### ABOUT THIS TASK
Among the lines of the listing below, retype exactly those from the one containing "Hydra Bébé Körperlotion" through the one containing "Depuratore acqua rubinetto", both included. Do not include pictures.

### PROVIDED ENTRIES
┌──

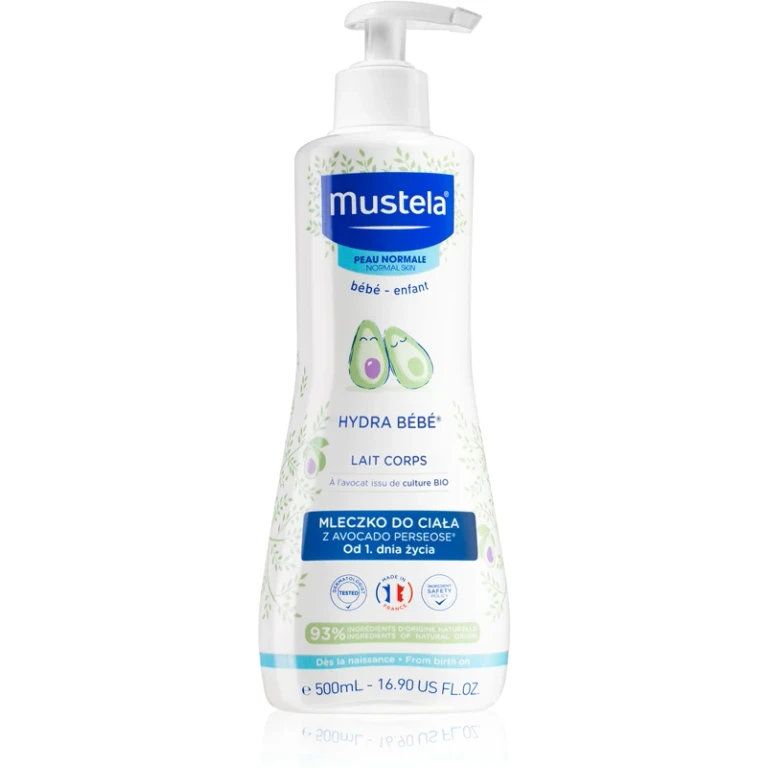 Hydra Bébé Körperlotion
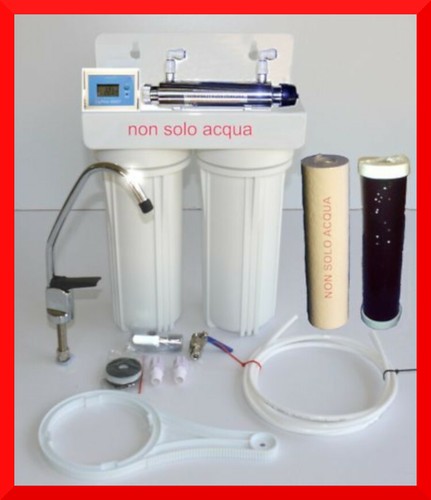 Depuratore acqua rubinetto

└──
┌──

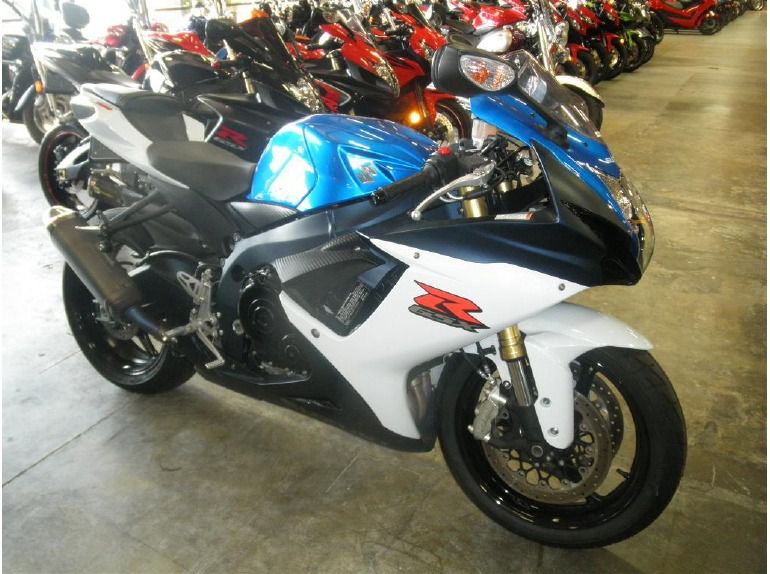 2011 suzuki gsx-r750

└──

### RESULT BELOW
 Hydra Bébé Körperlotion
 Depuratore acqua rubinetto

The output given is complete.